EXERCISE DATA →

Start of Block

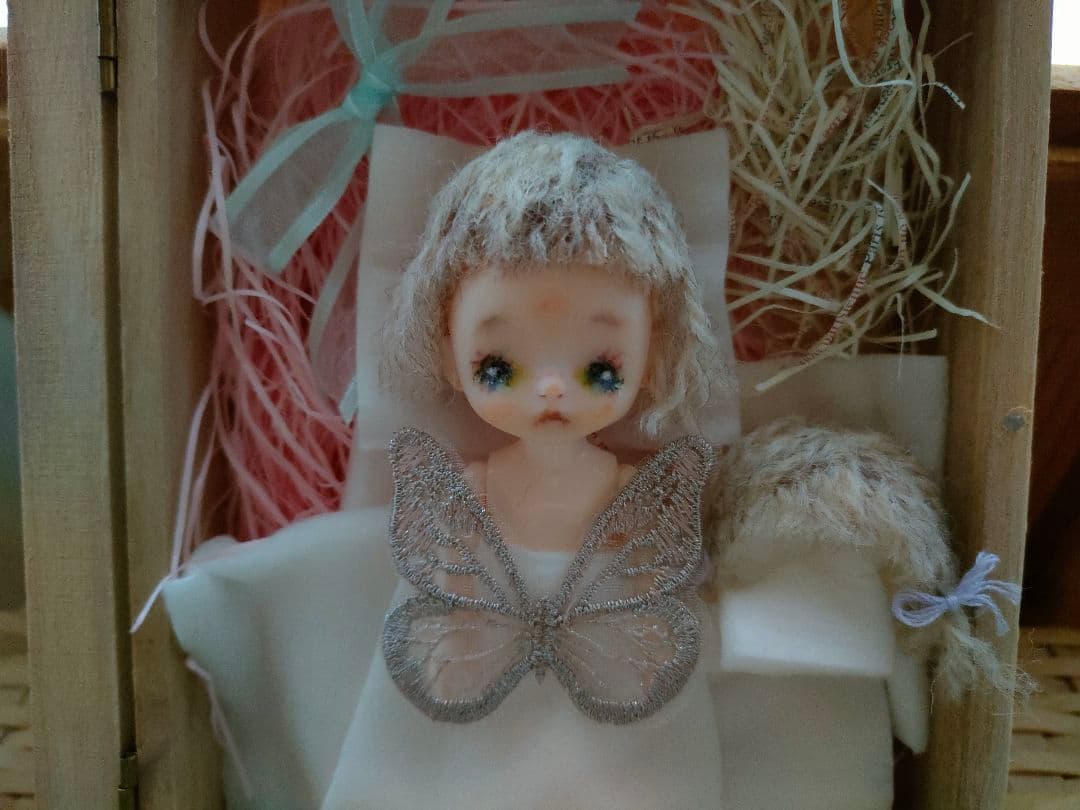 創作ドール♡ウィッグ,ボディ付き♡ 左側の女の子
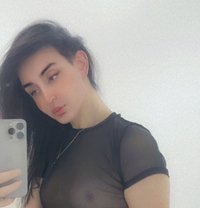 اقرا التفاصيل قبل لا ترسلي - Transsexual escort in Cairo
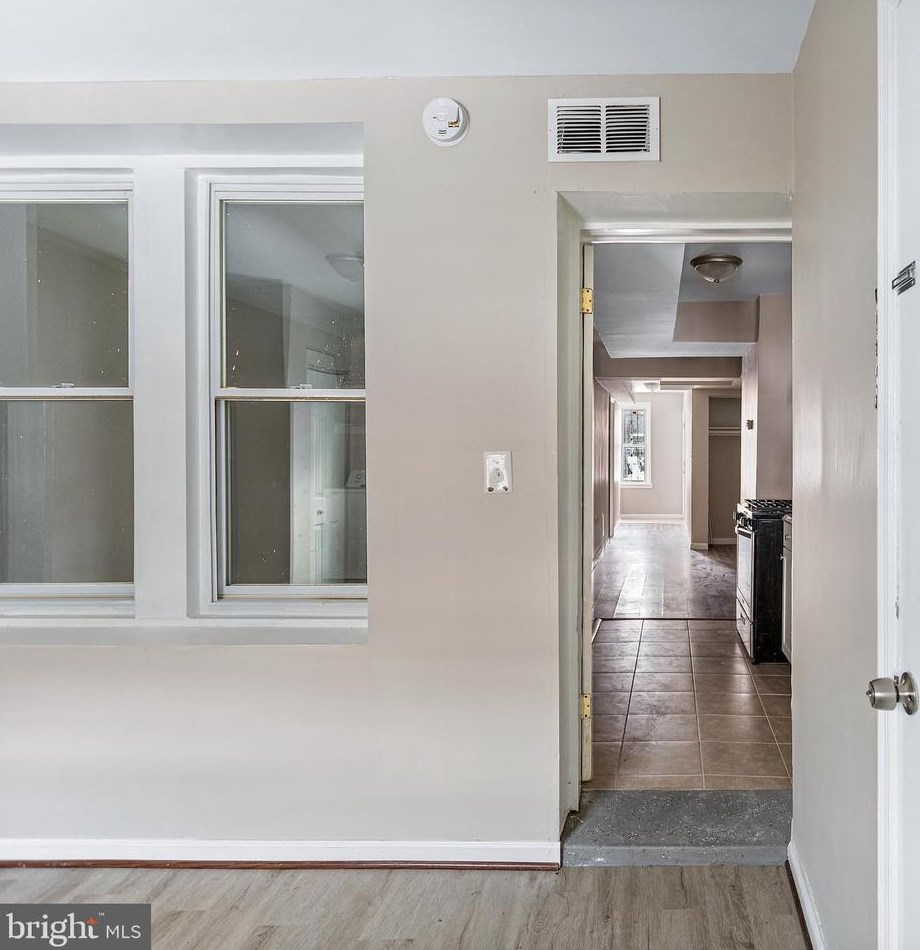 1212 16 St, Washington DC 20002-2502 exterior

End of Block

REQUIRED ACTION →
Please transcribe each line above exactly, but leave the images out.

TASK RESULT →
 創作ドール♡ウィッグ,ボディ付き♡ 左側の女の子
 اقرا التفاصيل قبل لا ترسلي - Transsexual escort in Cairo
 1212 16 St, Washington DC 20002-2502 exterior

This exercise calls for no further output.